Grand Openings and Big Dreams
It’s important to finish what you start. Deep down we all know the truth that every project needs a start date and a completion date if it’s going to be successful. If you don’t have them, then it’s not really a project; it’s just life.
This past Friday the completion of the Mercy Tech Maintenance Shop Project in Mozambique was officially celebrated, and we did it in style. There were speeches, lots of food, and of course dancing – this is Africa after all.
Does that mean that the shop has everything it needs? Of course not – equipping a repair and training facility is an ongoing task, and the ASAM mission base will always need the help of its supporters to keep things moving along, so we encourage you to consider that.

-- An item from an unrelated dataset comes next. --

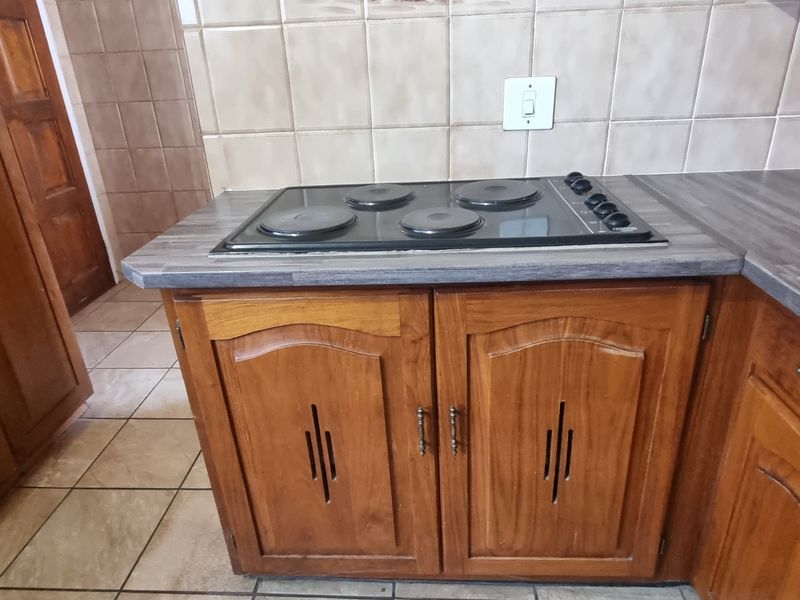 A functional kitchen area featuring wooden cabinetry, a built-in electric hob, and tiled splashbacks with a neutral countertop surface.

But what was only a dream in 2011 is now done and ready to be used, not only as a maintenance facility for the ASAM mission base, but also as a training center for local young men seeking a trade. Our former student and shop manager, Prosper Fernando, has been working there for over a year and a half and is now ready to begin teaching others in the trade. Mercy Tech Mission will continue to be involved in an advisory role with possible special training visits in the future, but we’re excited that basic instruction in the skills of mechanics and welding can now be taught locally.
If you’ve been following my blog over the past few years, you might also recall a young man named Fanuel Cesar. Fani worked long hours with me during the concrete pouring stage of the shop in 2012. Previously as a teenager, Fani had some limited success as a singer in Zimbabwe. He wanted to pursue music further, so in the evenings after work I also gave him guitar lessons, and eventually presented him with a donated guitar. Fani is now employed by the railroad in a nearby town and over the past weekend I visited him for a jam session.
It turns out that Fani has big plans and is building a small recording studio beside his modest home. His dream is to provide recording and mixing services for local musicians and churches. Attached to the studio will be a small beauty salon where his wife will do hairdressing. All the skills needed to build his original home and to build this new studio came from Fani’s time working with Mercy Tech volunteers, such as John Topham and Bob Denesiuk (Summerland). It’s very fulfilling to see how skills training has made a difference not only in the life of an individual, but for an entire family.
Finally, I visited a local church this weekend and was invited to the pastor’s home for a meal afterwards. As we chowed down on sudsa and chicken, I couldn’t help but notice the nice solar light installation in the room. The electrical work was done by Vasco, who was trained in basic electrical by one of our volunteers in 2013. Well done, Don Bryce (Summerland)!
Vasco has installed lighting in a number of the village houses now, including an LED system in his own house that runs on three flashlight batteries. Below is a short YouTube video that I made about it.
Thanks again for supporting the work of Mercy Tech Mission. Changing lives, one skill at a time. It’s not just a catchy saying; it’s real life.